Your reply should contain nothing except the lines from the one with "B Young ByDaran Leather Skirt Black" through the end of the listing below, reproduced exactly and stripped of pictures.
:::::
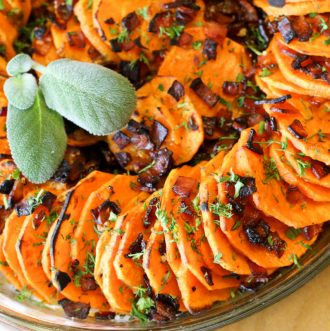 Scalloped Sweet Potatoes with Bacon (Whole30, Paleo) - Make this for an easy weeknight side dish or a fancy dinner party. Either way, these Scalloped Sweet Potatoes with Bacon are Whole30 and Paleo and require only 4 ingredients. #sidedish #paleo #whole30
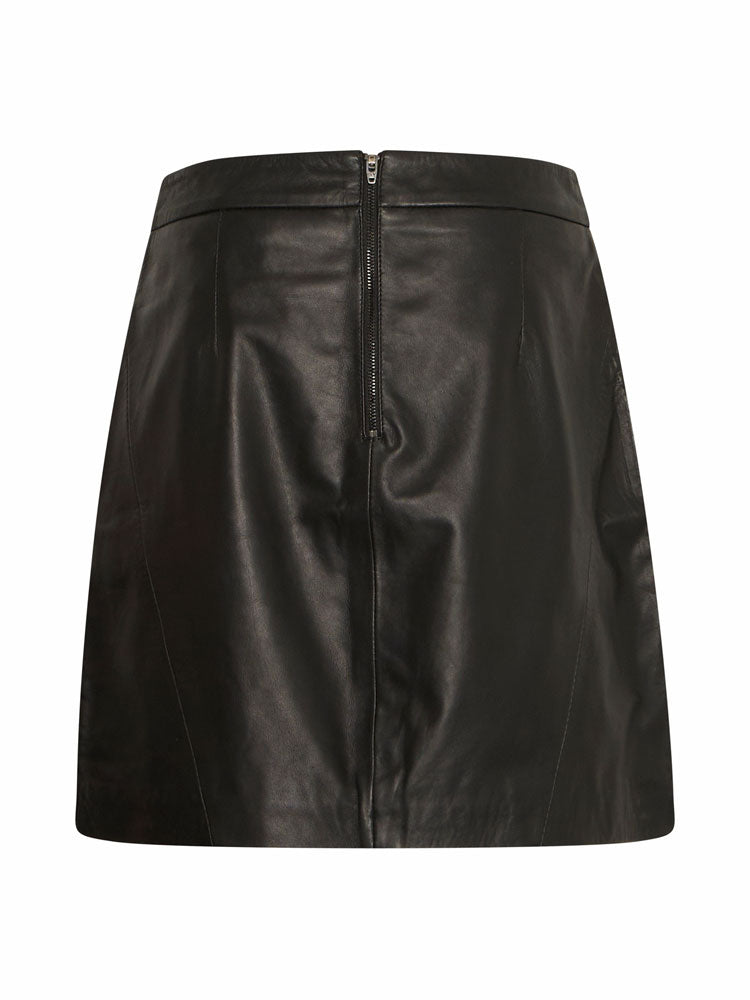 B Young ByDaran Leather Skirt Black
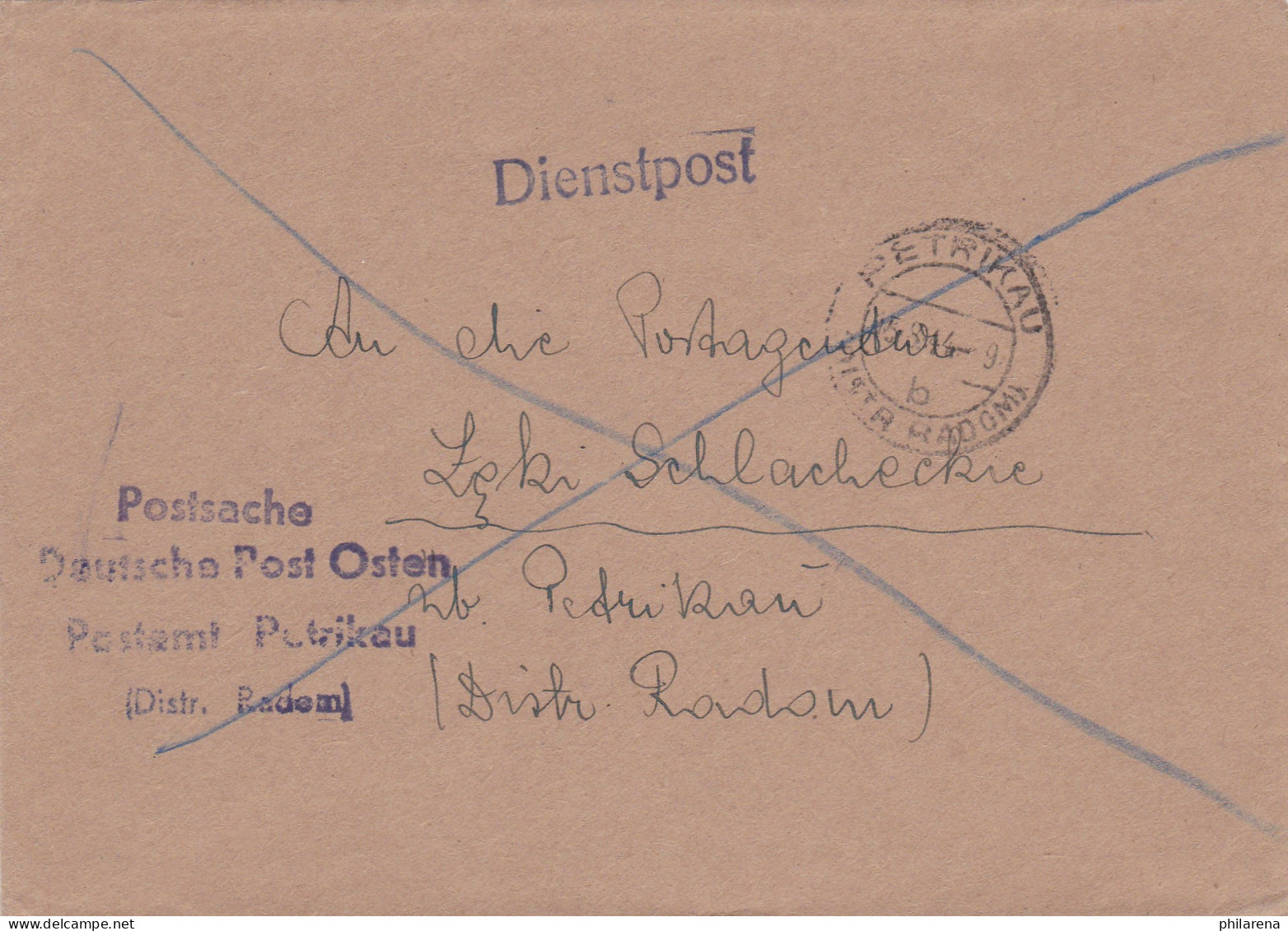 GG: Postsache Postamt Petrikau - Occupation 1938-45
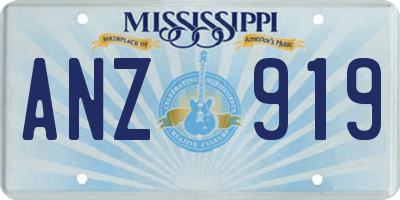 MS license plate ANZ919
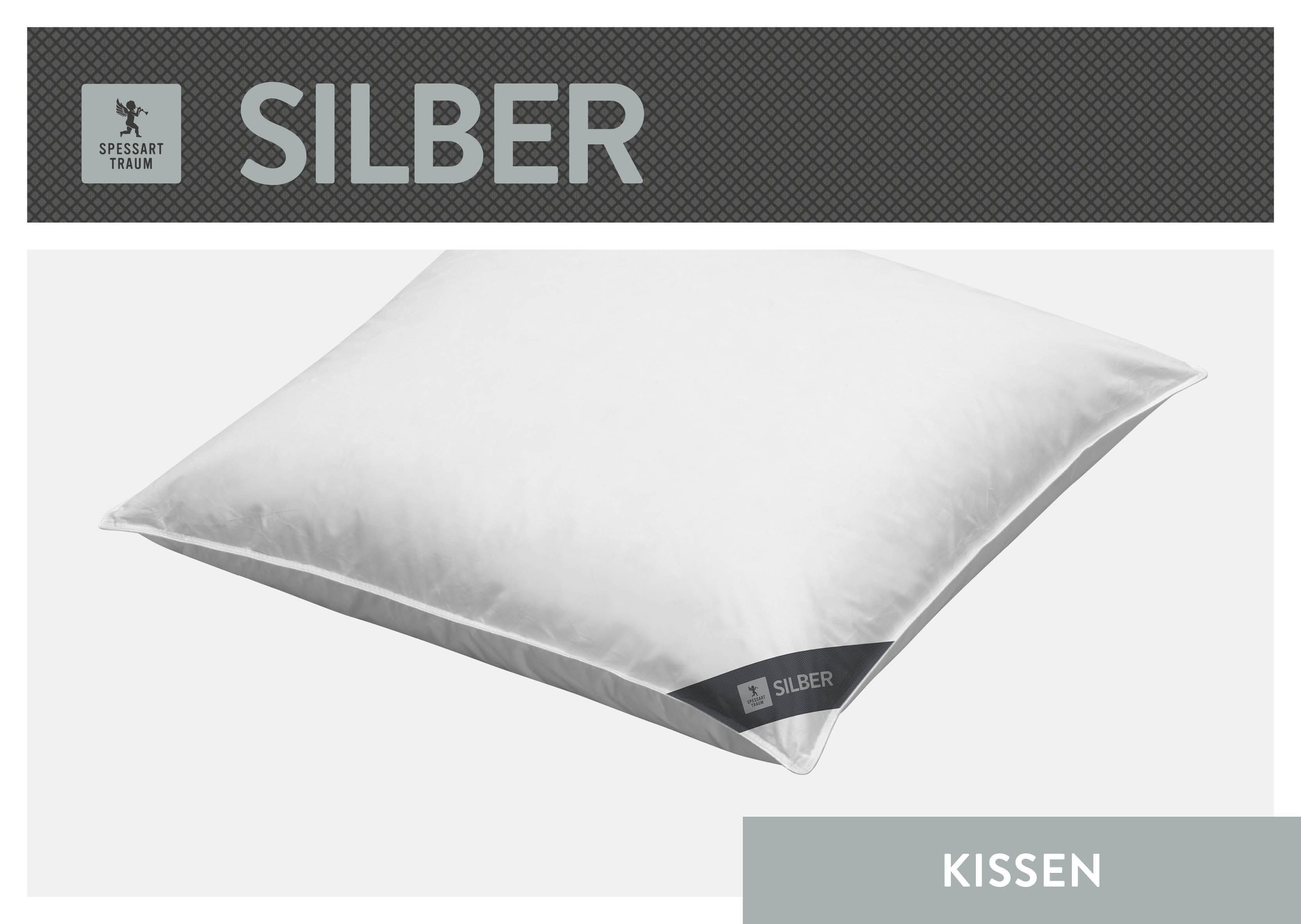 3-Kammer-Kopfkissen Silber, SPESSARTTRAUM, Füllung: Außen: 100% Daunen; Innen: 100% Federn, Bezug: 100% Baumwolle, hergestellt in Deutschland, allergikerfreundlich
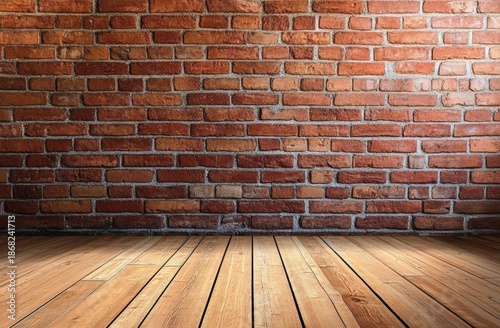 A rustic brick wall with wooden flooring, creating a warm and inviting atmosphere for various interior designs.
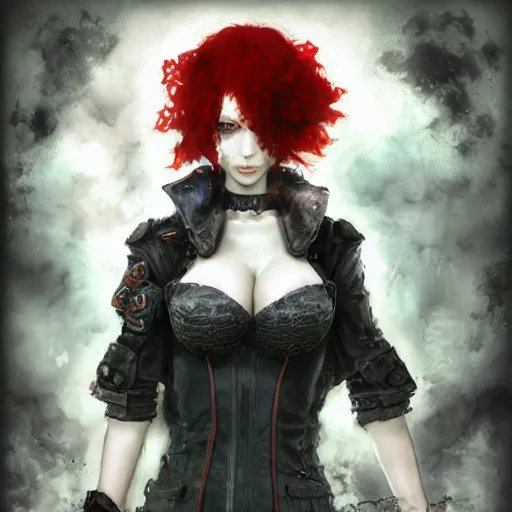 Image similar to christina hendricks goth, tankoban, 4 k, tone mapping, akihiko yoshida, james jean andrei riabovitchev marc simonetti, yoshitaka amano, long hair, curly, h. hydrochaeri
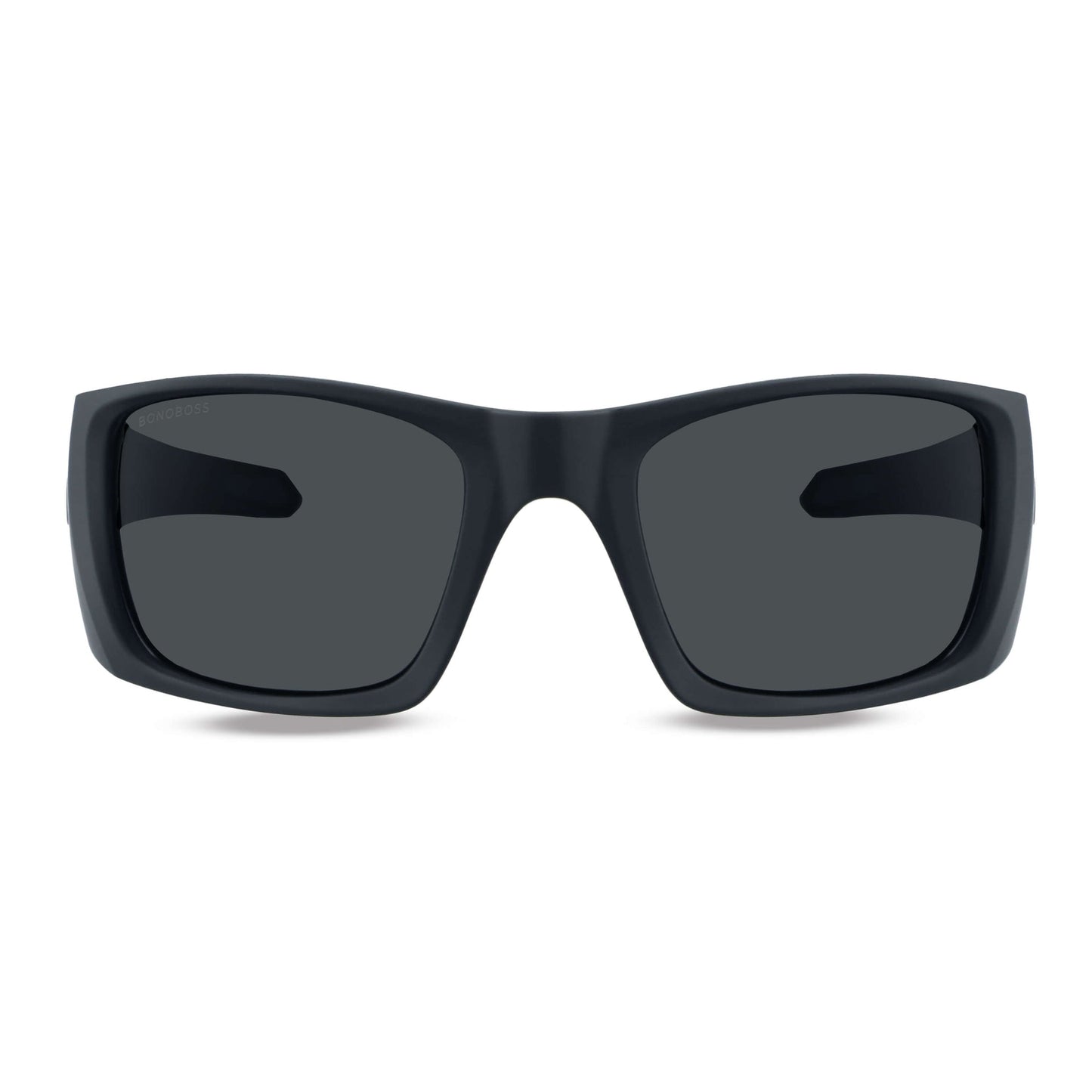Vista frontal de Futaleufu lentes deportivos color negro para hombre y mujer #color_negro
:::::
Solution:
 B Young ByDaran Leather Skirt Black
 GG: Postsache Postamt Petrikau - Occupation 1938-45
 MS license plate ANZ919
 3-Kammer-Kopfkissen Silber, SPESSARTTRAUM, Füllung: Außen: 100% Daunen; Innen: 100% Federn, Bezug: 100% Baumwolle, hergestellt in Deutschland, allergikerfreundlich
 A rustic brick wall with wooden flooring, creating a warm and inviting atmosphere for various interior designs.
 Image similar to christina hendricks goth, tankoban, 4 k, tone mapping, akihiko yoshida, james jean andrei riabovitchev marc simonetti, yoshitaka amano, long hair, curly, h. hydrochaeri
Vista frontal de Futaleufu lentes deportivos color negro para hombre y mujer #color_negro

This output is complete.